What Lies Ahead for Britain?

Brexit is likely to take a minimum of 2 years to materialize, with the process for withdrawal from the EU expected to start once Article 50 of the 2009 Lisbon Treaty, which lays out exit rules, is triggered. Once the intention of separation is formalized, Britain will begin to negotiate withdrawal terms with EU member states on issues such as trade tariffs and the movement of UK and EU citizens, in effect laying the ground for its redefined relationship with the EU. During this interim period, Britain will still be subject to existing EU treaties and laws but will be barred from decision-making processes. Therefore, existing regulations are likely to continue for at least two years from the time that Article 50 is triggered.
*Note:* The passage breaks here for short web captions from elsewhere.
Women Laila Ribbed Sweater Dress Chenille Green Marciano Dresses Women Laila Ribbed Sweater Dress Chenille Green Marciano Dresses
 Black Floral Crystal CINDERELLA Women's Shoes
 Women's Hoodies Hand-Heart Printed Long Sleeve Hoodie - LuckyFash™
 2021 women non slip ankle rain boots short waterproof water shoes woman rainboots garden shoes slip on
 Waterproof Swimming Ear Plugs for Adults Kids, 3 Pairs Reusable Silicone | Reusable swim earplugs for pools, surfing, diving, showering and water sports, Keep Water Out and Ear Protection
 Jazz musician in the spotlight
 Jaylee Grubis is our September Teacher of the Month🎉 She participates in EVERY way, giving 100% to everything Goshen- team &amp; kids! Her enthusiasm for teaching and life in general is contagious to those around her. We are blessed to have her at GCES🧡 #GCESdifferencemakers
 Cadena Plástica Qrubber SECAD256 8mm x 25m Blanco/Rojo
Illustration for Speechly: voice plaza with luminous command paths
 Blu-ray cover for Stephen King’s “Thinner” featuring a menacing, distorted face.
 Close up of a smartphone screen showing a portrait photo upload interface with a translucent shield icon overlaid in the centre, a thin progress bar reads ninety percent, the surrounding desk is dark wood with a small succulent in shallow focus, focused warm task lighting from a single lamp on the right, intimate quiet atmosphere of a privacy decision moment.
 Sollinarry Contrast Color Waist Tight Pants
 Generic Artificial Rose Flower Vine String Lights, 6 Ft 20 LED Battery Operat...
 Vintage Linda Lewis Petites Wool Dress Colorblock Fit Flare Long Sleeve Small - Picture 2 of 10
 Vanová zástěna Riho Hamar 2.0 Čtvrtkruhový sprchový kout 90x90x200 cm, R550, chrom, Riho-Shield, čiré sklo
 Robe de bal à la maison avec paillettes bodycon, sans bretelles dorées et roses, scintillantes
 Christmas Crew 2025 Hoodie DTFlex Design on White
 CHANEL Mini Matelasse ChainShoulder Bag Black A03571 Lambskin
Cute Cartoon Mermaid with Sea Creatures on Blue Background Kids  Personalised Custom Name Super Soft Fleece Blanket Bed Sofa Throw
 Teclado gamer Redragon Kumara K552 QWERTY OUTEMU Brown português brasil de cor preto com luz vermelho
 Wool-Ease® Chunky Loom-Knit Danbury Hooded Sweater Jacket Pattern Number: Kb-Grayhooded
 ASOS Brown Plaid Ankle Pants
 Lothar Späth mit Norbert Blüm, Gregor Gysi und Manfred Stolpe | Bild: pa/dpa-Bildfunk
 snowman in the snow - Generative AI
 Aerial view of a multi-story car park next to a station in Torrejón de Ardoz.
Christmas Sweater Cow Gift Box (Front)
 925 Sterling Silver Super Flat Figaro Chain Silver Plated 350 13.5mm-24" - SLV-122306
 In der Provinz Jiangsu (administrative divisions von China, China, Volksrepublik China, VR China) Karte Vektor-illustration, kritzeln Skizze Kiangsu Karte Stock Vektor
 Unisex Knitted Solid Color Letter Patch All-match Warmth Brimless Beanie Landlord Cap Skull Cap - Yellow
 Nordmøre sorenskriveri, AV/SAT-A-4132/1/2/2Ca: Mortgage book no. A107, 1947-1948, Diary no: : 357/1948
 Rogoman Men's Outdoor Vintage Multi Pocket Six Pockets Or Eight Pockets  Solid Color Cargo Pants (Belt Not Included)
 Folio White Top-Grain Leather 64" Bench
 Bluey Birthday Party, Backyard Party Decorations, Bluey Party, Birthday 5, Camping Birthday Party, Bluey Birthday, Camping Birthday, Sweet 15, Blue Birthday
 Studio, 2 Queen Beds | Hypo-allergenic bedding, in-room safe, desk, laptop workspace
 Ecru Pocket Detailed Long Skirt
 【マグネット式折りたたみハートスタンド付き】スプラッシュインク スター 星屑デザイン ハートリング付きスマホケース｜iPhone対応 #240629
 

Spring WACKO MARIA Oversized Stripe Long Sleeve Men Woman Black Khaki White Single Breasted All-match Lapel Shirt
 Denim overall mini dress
However, given that the UK is the first member state to leave the EU and invoke Article 50, there is uncertainty regarding the path ahead, which could potentially trigger a dip in business sentiment and delays in foreign direct investment (FDI). With UK Prime Minister David Cameron offering to step down by October, the triggering of Article 50 is only expected to be undertaken by his successor, with the two-year timeline starting thereon. On another note, given that 62% of Scotland voted in favor of remaining in the EU, it is highly possible that Scotland could hold a second referendum (first referendum held in 2014) on its independence from the UK.


Potential Implications Across the British Industry

In response to the new reality of Britain's soon-to-unfold exit from the EU, the sterling dipped to a 31-year low. The depreciation of the sterling stands to benefit businesses in the UK, as it makes exports more attractive and could potentially spur export growth. With respect to the automotive industry in the UK, automotive manufacturers could relocate plants from the UK should the nation lose the benefits of tariff-free trade within the EU. The financial industry stands to lose if UK institutions lose their present passporting rights which currently allow the sale of services across EU member states without the need to secure a local regulator's approval. With respect to healthcare, the possible repatriation of EU nationals could result in staff shortages, as it is believed that 1 in 20 persons in the National Health Service (NHS) workforce are EU citizens. There are, however, opposing views on the future status of existing EU citizens in the UK. Actual implications across the industry would, to a very large extent, depend on the outcome of the UK-EU negotiations process.


On a Final Note

Although the results are a cause for concern, one must remember that they also herald a new beginning for the UK which will be influenced by a strong government policy and the success of negotiations with the EU and the rest of the world. The world will have to wait and watch how the nation's new growth story unfolds.